You need to distinguish between facts and convention. A convention is useful if it helps to organize a number of facts. In the context of measure theory, there are several facts that have the appearance of "$0\times \infty =0$" that are proven from the definitions, and thus the convention allows for an easier way to state facts.
A couple of examples:
- If $\mu(X)=0$ and $f(x)=+\infty$ for all $x\in X$, then the definition of $\int_X f\,d\mu$ leads to a value of $0$. On the other hand, this could be thought of as "$\mu(X)\times \infty=0\times \infty$", integrating a constant function.
- If $f(x)=0$ for all $x\in X$ and $\mu(X)=\infty$, then the definition of $\int_X f\,d\mu$ leads to a value of $0$. On the other hand, this could be thought of as "$\mu(X)\times 0=\infty\times 0$", integrating a constant function.
As a consequence of 1. and 2. above, adopting the convention $0\times \infty=0$ (along with the more intuitive $a\times \infty=\infty$ if $a>0$) allows the following result to be stated:
$$\int_{X} C\,d\mu=\mu(X)\times C,$$
for all constants $C\in[0,\infty]$ regardless of the size of $\mu(X)$. The convention is used only in stating and using the result in condensed form, not in proving it.

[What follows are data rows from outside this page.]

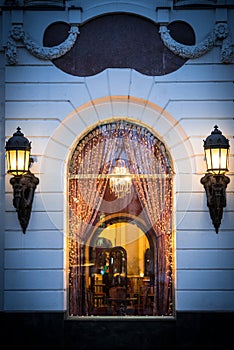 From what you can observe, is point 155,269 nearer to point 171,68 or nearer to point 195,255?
point 195,255

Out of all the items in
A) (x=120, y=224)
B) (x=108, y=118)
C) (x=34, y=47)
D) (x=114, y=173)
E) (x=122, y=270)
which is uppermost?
(x=34, y=47)

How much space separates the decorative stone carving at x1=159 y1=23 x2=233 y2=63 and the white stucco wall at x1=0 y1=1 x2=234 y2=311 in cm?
11

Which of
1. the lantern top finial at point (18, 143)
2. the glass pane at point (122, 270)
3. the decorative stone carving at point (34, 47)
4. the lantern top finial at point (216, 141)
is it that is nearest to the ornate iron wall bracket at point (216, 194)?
the lantern top finial at point (216, 141)

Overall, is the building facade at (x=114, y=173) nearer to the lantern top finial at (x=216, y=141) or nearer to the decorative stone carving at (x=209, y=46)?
the decorative stone carving at (x=209, y=46)

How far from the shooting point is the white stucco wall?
992cm

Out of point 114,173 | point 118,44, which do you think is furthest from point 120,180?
point 118,44

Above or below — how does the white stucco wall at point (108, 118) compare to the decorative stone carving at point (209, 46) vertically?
below

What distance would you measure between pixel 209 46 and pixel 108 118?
1.90m

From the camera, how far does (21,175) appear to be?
988cm

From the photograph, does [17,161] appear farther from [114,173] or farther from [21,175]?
[114,173]

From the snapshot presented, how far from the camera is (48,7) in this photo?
406 inches

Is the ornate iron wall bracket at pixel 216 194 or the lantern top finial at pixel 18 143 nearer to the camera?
the lantern top finial at pixel 18 143

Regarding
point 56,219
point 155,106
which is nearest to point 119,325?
point 56,219

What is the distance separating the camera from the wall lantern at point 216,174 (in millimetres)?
9641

Another example that you highlight: If $E$ has measure zero, so does $E\times \mathbb R$. This is not proved using the convention. I would think of it as $$\mu(E\times \mathbb R)=\mu\left(\bigcup_n E\times [-n,n]\right)\leq\sum_n\mu(E\times[-n,n])=\sum_n 0=0,$$ where the equation $\mu(E\times[-n,n])=0$ requires justification, but nothing with infinite measure is involved.